§ **PROVIDED DATA**:
•••••

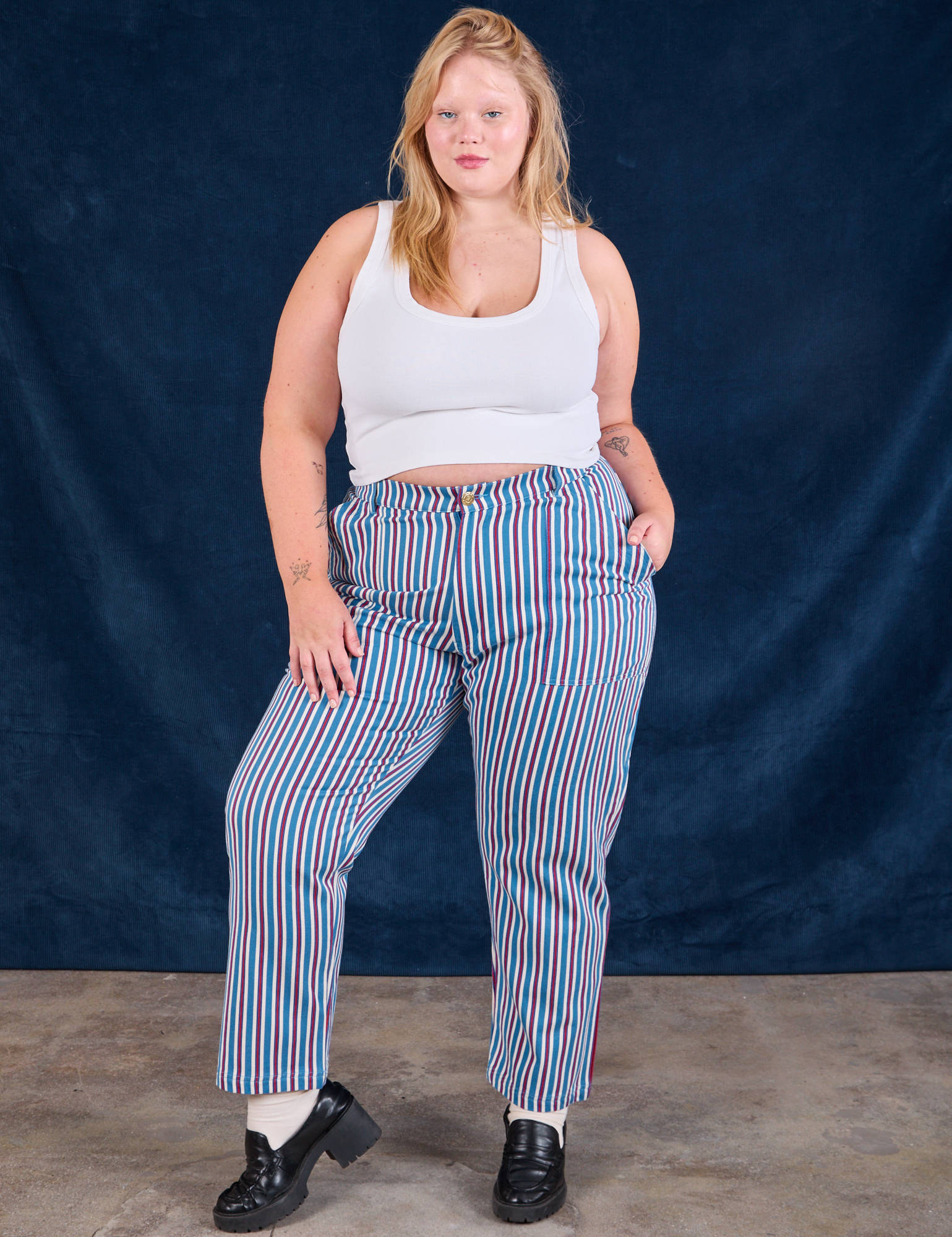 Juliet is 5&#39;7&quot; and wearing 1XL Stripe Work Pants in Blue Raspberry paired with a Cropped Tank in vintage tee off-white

•••••

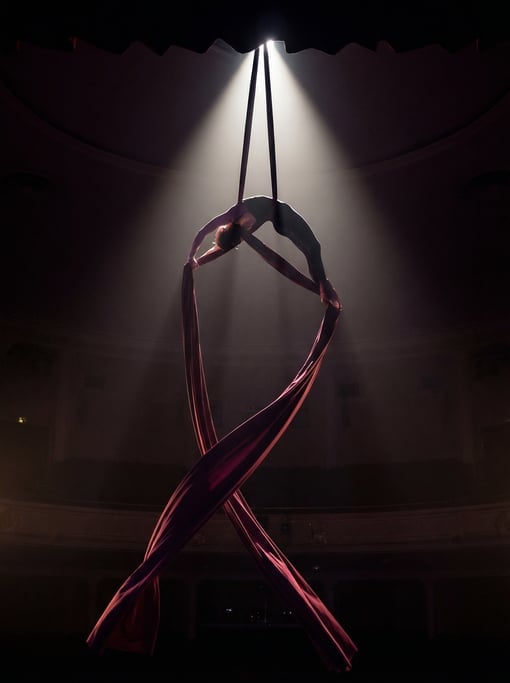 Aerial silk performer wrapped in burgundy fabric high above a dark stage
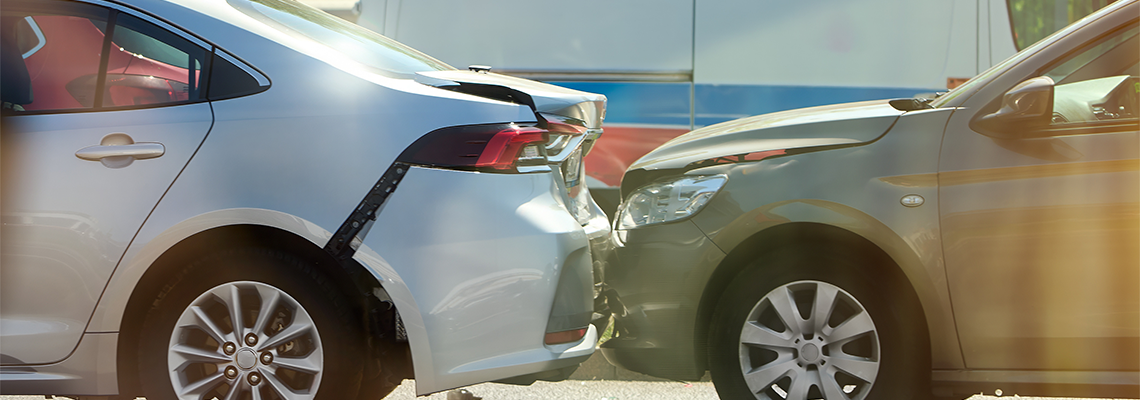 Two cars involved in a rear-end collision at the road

•••••

§ **TASK DIRECTIONS**: Only one stretch of the entries above is needed: the lines from the one containing "Aerial silk performer" through the one containing "Two cars involved". Copy it exactly, without the pictures.

§ **RESPONSE BOX**:
 Aerial silk performer wrapped in burgundy fabric high above a dark stage
 Two cars involved in a rear-end collision at the road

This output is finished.